Considerando se tratar de uma verba que não provém, em última análise, do orçamento público, mas da parte contrária sucumbente no processo, poderia o saldo ser acumulado para ser distribuído no futuro, em mês cuja remuneração ficasse abaixo do teto constitucional?
Essa é a proposta do presente estudo, no intuito de contribuir como subsídio a outras procuradorias municipais que eventualmente passem pela mesma situação.
2. A SITUAÇÃO LEGAL NO MUNICÍPIO DE JOINVILLE.
No caso do Município de Joinville, regula o recebimento de honorários advocatícios pelos procuradores municipais a Lei Municipal n. 3.737/982. No que interessa ao presente estudo, cita-se o seguinte dispositivo:
Art. 1º Nos processos judiciais em que o Município seja parte, os honorários incluídos na condenação, por sucumbência, serão recebidos pelo Tesouro Municipal e rateados, em partes iguais, entre os Procuradores do Município em exercício na data de seu recebimento.
[...].
§ 3º - Os valores referentes aos honorários por sucumbência a que se refere o caput do presente artigo serão recolhidos em conta própria do Tesouro Municipal, e na eventualidade de saldos ao final do exercício, permanecerão naquela conta para o exercício subseqüente, assegurando-se-lhes a mesma destinação prevista nas disposições precedentes.
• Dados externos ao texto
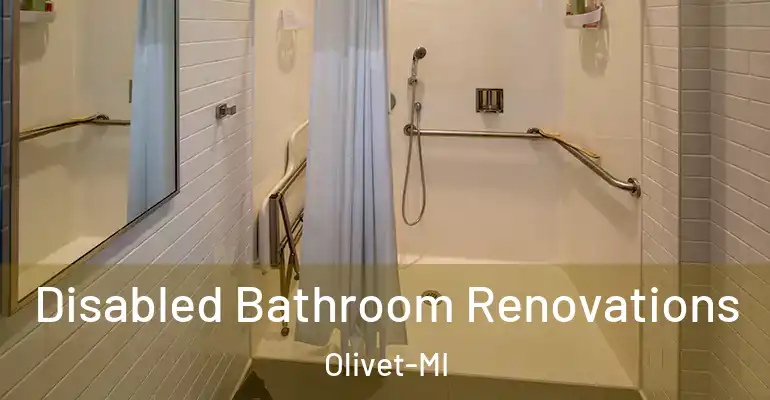 inner Bathroom imggen Disabled Bathroom Renovations Olivet-MI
Denota-se que a verba ingressa nos cofres públicos e depois é rateada entre os procuradores municipais, em partes iguais, conforme autorização legal. Além disso, expressamente já é previsto, desde 1998, que na eventualidade de saldos, deveriam estes permanecer na conta própria do Tesouro Municipal, assegurada a mesma destinação aos procuradores municipais nos períodos subsequentes.
Assim, existe norma legal expressa determinando a forma de recolhimento e destino da verba sucumbencial.
Não há dúvida de que os honorários advocatícios incluídos na condenação, por sucumbência, em razão da vitória do ente estatal nas ações contra ele ou por ele ajuizadas, fruto do trabalho de representação judicial3 exercido, com exclusividade, pelos procuradores municipais (nesse sentido, por simetria, ADI 4.843/PB-MC-ED-Ref4), lhes pertence, em partes iguais, considerados aqueles em exercício à data do recebimento.
O pagamento ocorre em relação a cada procurador em exercício, respeitado o rateio em partes iguais, mediante inclusão em folha de pagamento do mês subsequente ao recebimento pelo Tesouro Municipal.
No caso do Município de Joinville, verifica-se que o dispositivo alude ao vocábulo “saldos”, no plural, a significar que o acúmulo pode ocorrer em mais de um mês, e na eventualidade de persistirem valores não pagos em razão da observância do teto remuneratório, estes permanecerão na conta própria criada para o recebimento dos honorários advocatícios, para distribuição no exercício subsequente – e, portanto, durante os meses que o compõem –, assegurando-se-lhes a mesma destinação prevista nas disposições precedentes, vale dizer: rateio, em partes iguais, entre os procuradores municipais em exercício na data de seu recebimento.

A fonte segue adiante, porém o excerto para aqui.